According to Statista, bitcoin usage keeps on growing as seen by the number of Bitcoin ATMs, which increased from 538 in January 2016 to 838 by November. Most Bitcoin ATMs, as of July 2016, were located in the United States (345) and Canada (108). The Bitcoin ATMs located in Europe as of June 2016 constituted 24.02 percent of the global ATM market share.

Moreover, several bitcoin charts confirm a growing usage and acceptance:

Last but not least, this research paper on bitcoin's big picture trends identifies 3 marked regimes that have evolved as the bitcoin economy has grown and matured: From an early prototype stage, to a second growth stage populated in large part with "sin" enterprise (i.e., gambling, black markets), to a third stage marked by a sharp progression away from "sin" and toward legitimate enterprises.

In other words, fundamentally, the picture for bitcoin looks very good. This is not only a market for speculators anymore, but one of real users.

We are confident, based on the objective data set outlined above that bitcoin's price rise is not only legitimate, but will continue. That results in a bullish bitcoin price forecast for 2017 and beyond.

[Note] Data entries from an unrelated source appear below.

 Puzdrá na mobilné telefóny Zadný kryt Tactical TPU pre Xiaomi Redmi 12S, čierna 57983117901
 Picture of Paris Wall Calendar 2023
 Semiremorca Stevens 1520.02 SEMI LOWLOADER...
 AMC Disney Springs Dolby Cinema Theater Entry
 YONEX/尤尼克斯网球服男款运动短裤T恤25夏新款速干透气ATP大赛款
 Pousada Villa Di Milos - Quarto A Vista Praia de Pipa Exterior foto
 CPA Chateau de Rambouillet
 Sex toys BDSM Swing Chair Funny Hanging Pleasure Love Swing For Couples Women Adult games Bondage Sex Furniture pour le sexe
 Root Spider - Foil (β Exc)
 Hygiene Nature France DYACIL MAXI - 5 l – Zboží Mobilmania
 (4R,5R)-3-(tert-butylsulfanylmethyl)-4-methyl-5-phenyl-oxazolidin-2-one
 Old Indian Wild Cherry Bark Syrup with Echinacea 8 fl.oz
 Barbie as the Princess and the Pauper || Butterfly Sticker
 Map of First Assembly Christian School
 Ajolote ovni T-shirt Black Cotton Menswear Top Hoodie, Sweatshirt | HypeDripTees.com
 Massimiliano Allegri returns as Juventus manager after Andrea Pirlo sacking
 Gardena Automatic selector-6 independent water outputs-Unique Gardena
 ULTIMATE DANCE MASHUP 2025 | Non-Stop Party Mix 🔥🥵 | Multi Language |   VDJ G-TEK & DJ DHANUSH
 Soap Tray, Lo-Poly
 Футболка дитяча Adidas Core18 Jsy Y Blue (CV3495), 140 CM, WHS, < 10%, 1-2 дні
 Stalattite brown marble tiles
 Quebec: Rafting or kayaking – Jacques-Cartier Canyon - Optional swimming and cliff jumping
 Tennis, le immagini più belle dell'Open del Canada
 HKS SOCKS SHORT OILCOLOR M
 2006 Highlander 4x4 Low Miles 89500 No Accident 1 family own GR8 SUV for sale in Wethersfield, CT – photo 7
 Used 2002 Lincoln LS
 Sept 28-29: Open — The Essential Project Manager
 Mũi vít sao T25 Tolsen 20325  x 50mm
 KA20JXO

From a bitcoin price analysis point of view, the long-term chart (courtesy: Finviz) looks very constructive. Readers should compare the steep rally in 2013 with the steady and solid rise in the last 2 years. As the price of bitcoin took out all-time highs, it suggests it has much more upside potential.

The only 'negative' is that the price rise has accelerated in recent weeks. Investors want to see a steady rise, not a parabolic rise. So we hope there will be a healthy correction sooner rather than later to cool off emotions. Ideally, bitcoin's price corrects to the $1,000 to $1,100 area in the coming weeks.

We could easily see bitcoin's price move to $2,000 in 2017.

This bitcoin price forecast for 2017 originally appeared on InvestingHaven.com

Disclosure: I/we have no positions in any stocks mentioned, and no plans to initiate any positions within the next 72 hours.

I wrote this article myself, and it expresses my own opinions. I am not receiving compensation for it. I have no business relationship with any company whose stock is mentioned in this article.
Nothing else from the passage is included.